Mike learning: REPLACE, UPDATE, wordforms
Mike
Posted on June 6, 2024
About me
Hello, it's Mike again.
I recently started working at Manticore as a Developer Advocate. I am someone not completely distant from IT, but I'm catching up with modern technologies. In this blog, I'll share my experiences and what I learn about Manticore. I plan to document my journey in a diary format, explaining what Manticore is and how to use it. Let's discover how things work together, identify issues, and engage with developers in real time.
This is my second blog post. If you are interested in learning about Manticore with me, I will keep you updated in:
Step two: REPLACE, UPDATE, wordforms
While I was writing my first article, my friends from the pet store reached out to me. They want to use the database for their store, and since their salesperson is still getting confused with leashes and collars, I want to implement additional features of the database.

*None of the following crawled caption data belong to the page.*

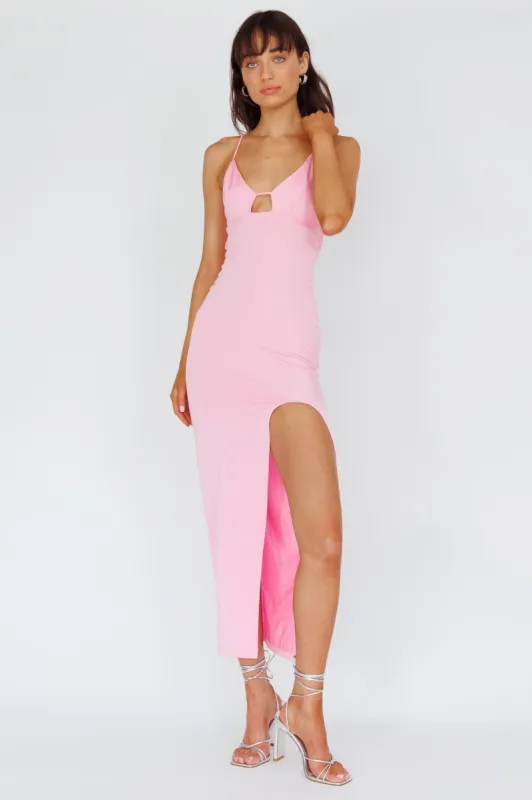 Summer Rose Front Split Midi Dress Pink sold by Selfie Leslie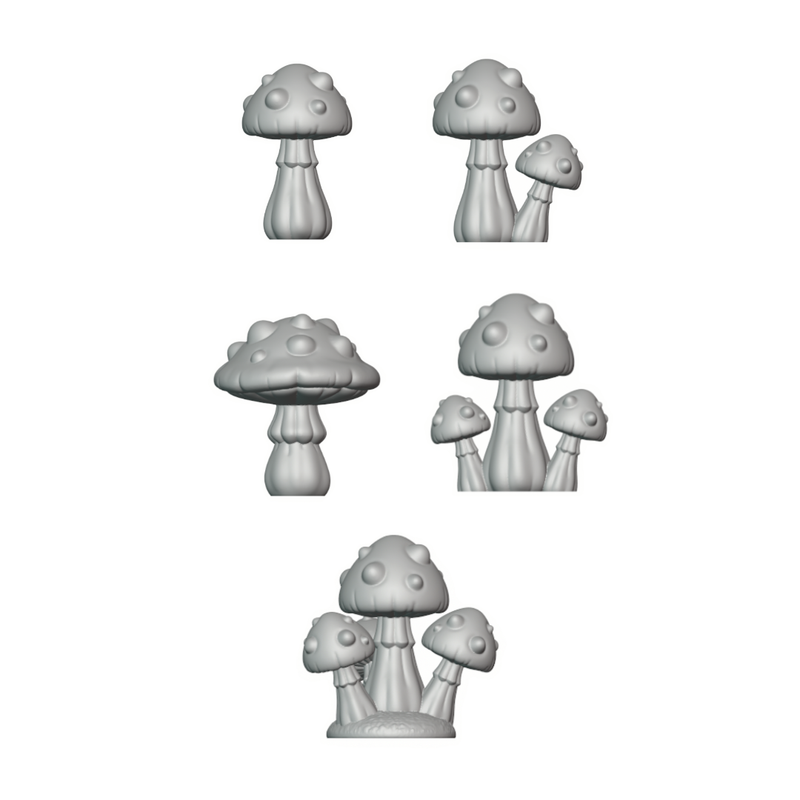 32mm Fantasy Mushroom Basing Bits – 20 STL Tabletop Miniature Terrain Pieces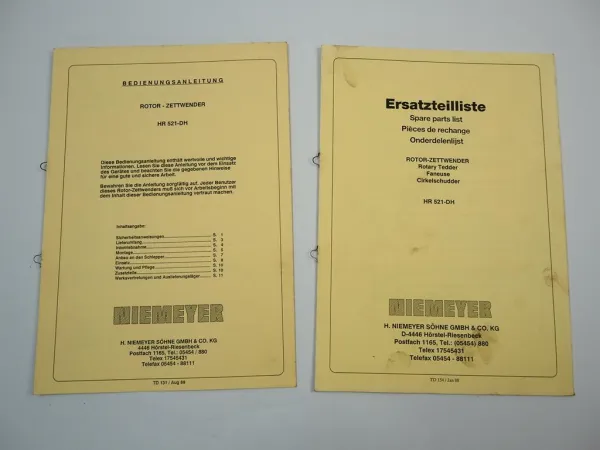 Niemeyer HR521-DH Rotor Zettwender Betriebsanleitung Ersatzteilliste 1988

This article serves as a continuation of the previous one and is based on it.
Unlike most databases, Manticore uses an advanced model to recognize the texts it stores. The text processing system is based on NLP (Natural Language Processing) solutions.
A little description of the technology for a general understanding will not hurt here. NLP is designed to recognize the “natural” language in which we communicate. At first glance, it seems that there is nothing complicated in text recognition, technically it has become so with the advent of text processing solutions using machine learning algorithms. In our case, we will not go so deep and will use ready-made text processing solutions from Manticore Search, which are already built into the database. This system uses tokenization (separation of text) into small separate parts: by sentences and by individual words, which allows you to quickly find the desired words, phrases, and paragraphs as a whole in the database. (For more info on data tokenization, check out this link.)
Here are a few words about the technologies Manticore exploits:
- Stemming is the process of reducing words to their root form. For example, "walking," "walks," and "walked" are all stems of the word "walk."
- Lemmatization is the process of changing different forms of a word back to its basic form, called a lemma. For instance, the word "eat" can appear as "eating," "eats," and "ate." The lemma for all these variations is "eat," which is its basic dictionary form.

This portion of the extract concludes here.